## Supplied material
=== Section Start ===
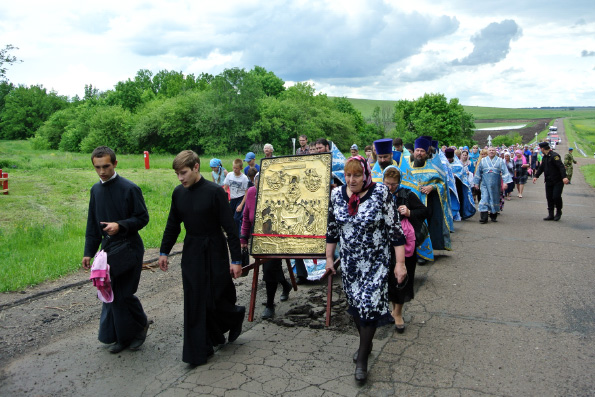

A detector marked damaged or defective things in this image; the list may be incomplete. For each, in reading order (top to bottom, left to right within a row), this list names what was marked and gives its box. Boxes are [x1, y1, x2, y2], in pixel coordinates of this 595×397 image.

cracked asphalt road [1, 119, 595, 394]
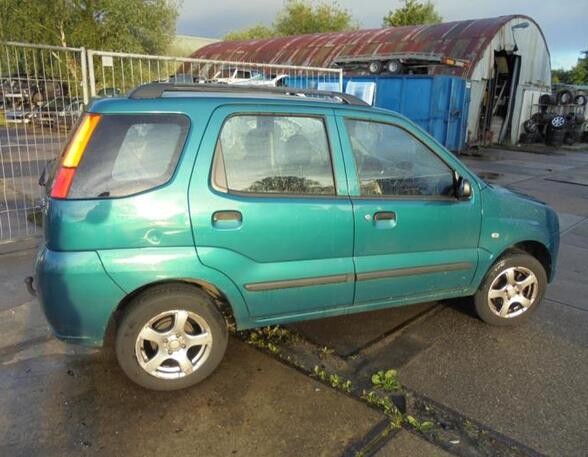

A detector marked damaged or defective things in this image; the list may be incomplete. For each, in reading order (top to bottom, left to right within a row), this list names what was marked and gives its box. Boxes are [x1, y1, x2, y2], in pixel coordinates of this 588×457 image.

rusty corrugated roof [192, 14, 544, 77]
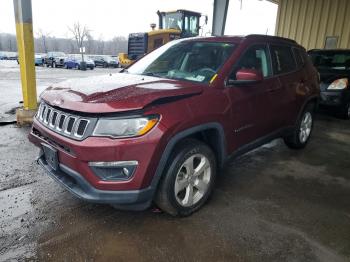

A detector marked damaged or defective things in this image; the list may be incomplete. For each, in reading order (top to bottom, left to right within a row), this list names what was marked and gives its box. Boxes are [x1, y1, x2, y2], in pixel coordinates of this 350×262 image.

cracked headlight [93, 115, 159, 138]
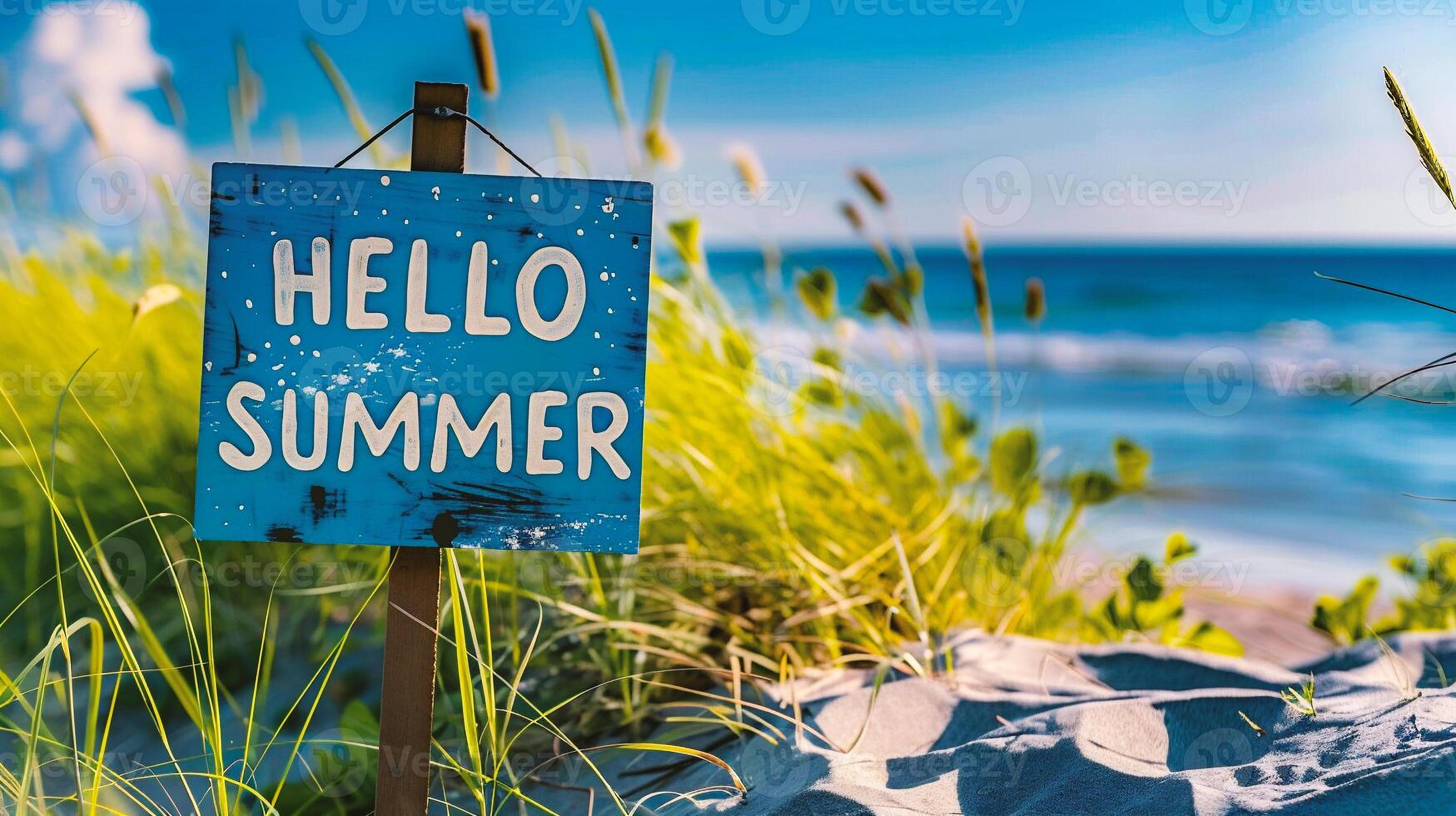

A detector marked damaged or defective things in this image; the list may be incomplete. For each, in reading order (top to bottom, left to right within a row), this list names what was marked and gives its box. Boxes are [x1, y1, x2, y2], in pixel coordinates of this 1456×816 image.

chipped blue paint [193, 162, 655, 550]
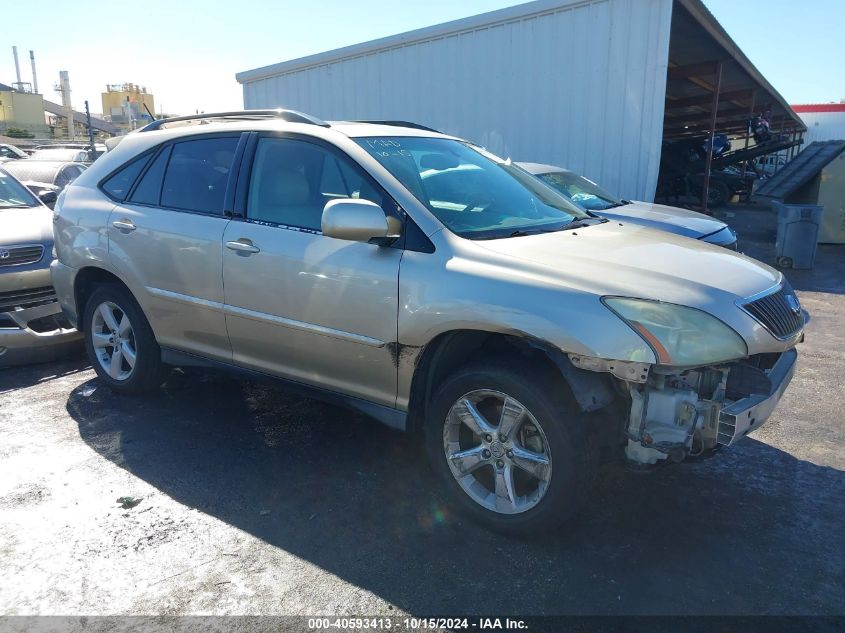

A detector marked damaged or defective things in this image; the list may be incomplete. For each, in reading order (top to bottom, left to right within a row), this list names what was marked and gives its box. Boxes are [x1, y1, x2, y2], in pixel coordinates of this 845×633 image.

damaged front bumper [0, 298, 83, 368]
wrecked suv [49, 110, 800, 532]
exposed headlight housing [600, 296, 744, 366]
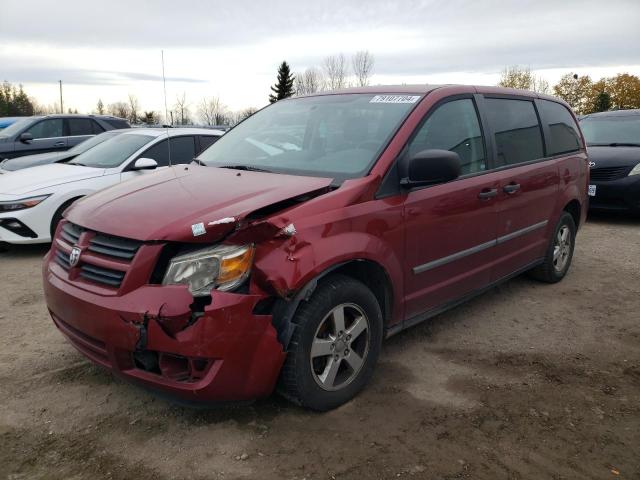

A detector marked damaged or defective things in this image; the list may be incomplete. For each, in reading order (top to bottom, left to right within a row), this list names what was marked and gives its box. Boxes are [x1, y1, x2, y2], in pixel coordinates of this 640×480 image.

crumpled hood [0, 152, 68, 172]
crumpled hood [588, 146, 640, 169]
crumpled hood [0, 163, 105, 195]
broken headlight lens [0, 194, 50, 211]
crumpled hood [67, 165, 332, 242]
broken headlight lens [162, 244, 255, 296]
damaged front bumper [42, 253, 284, 404]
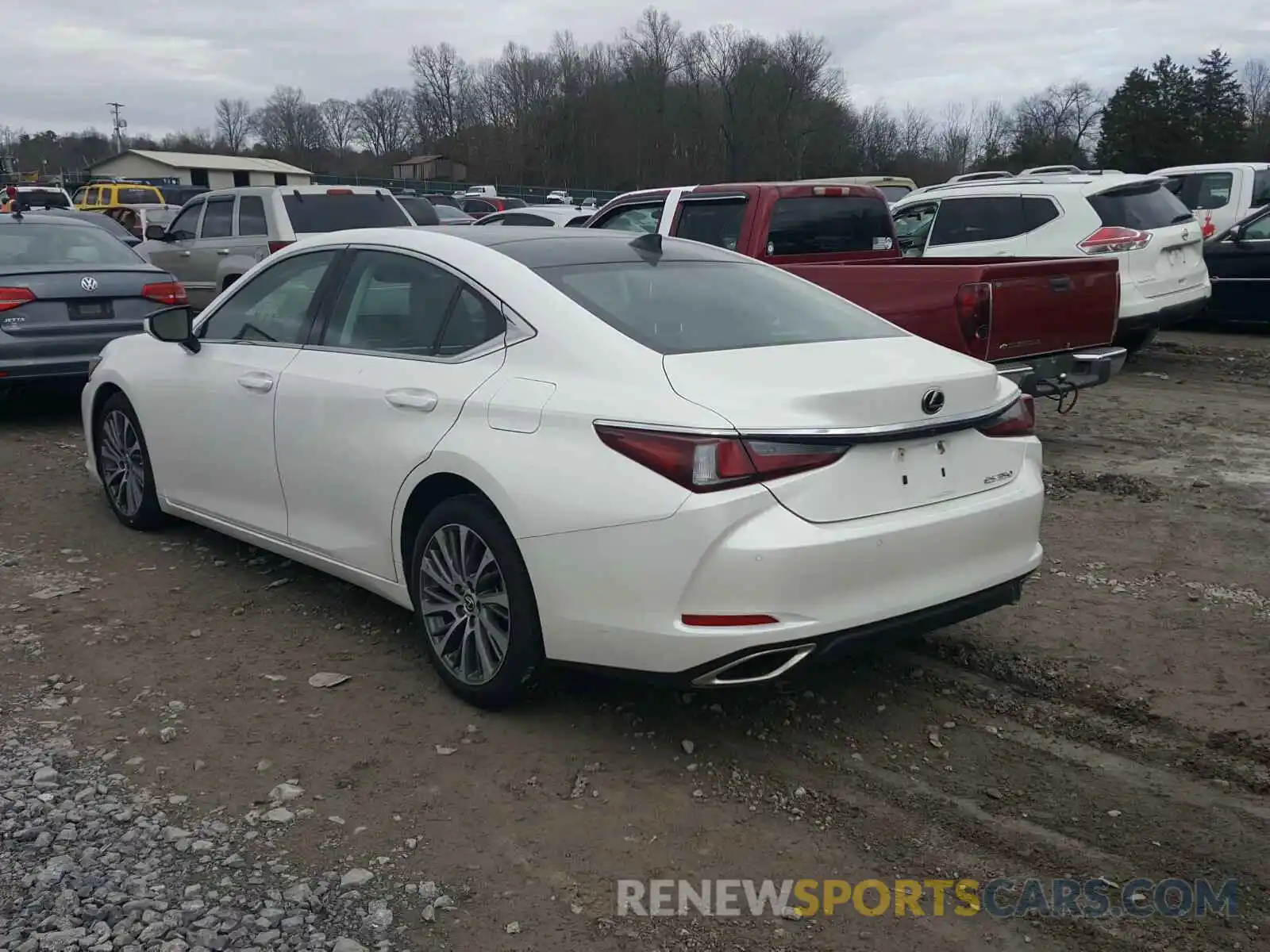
=== Section End ===
Where the line containing "this 845×633 image." appears in the entries above, start there and set down every line exactly through the last one, inclusive; omit pictures.

A detector marked damaged or defective things in this image; the list may be incomplete. For each, in reading order (top to bottom, left to right within a row), this list names what was marked and gives its box. Boxes are [x1, y1, x2, y2], in pixel coordinates of this 845×633 image.

damaged front bumper [0, 298, 83, 368]
wrecked suv [49, 110, 800, 532]
exposed headlight housing [600, 296, 744, 366]

A detector marked damaged or defective things in this image; the list may be incomplete. For each, in reading order (top to bottom, left to right within a row), this list names what was marked and gives its box. Boxes are [x1, y1, x2, y2], in pixel coordinates of this 640×480 image.

crumpled hood [0, 152, 68, 172]
crumpled hood [588, 146, 640, 169]
crumpled hood [0, 163, 105, 195]
broken headlight lens [0, 194, 50, 211]
crumpled hood [67, 165, 332, 242]
broken headlight lens [162, 244, 255, 296]
damaged front bumper [42, 253, 284, 404]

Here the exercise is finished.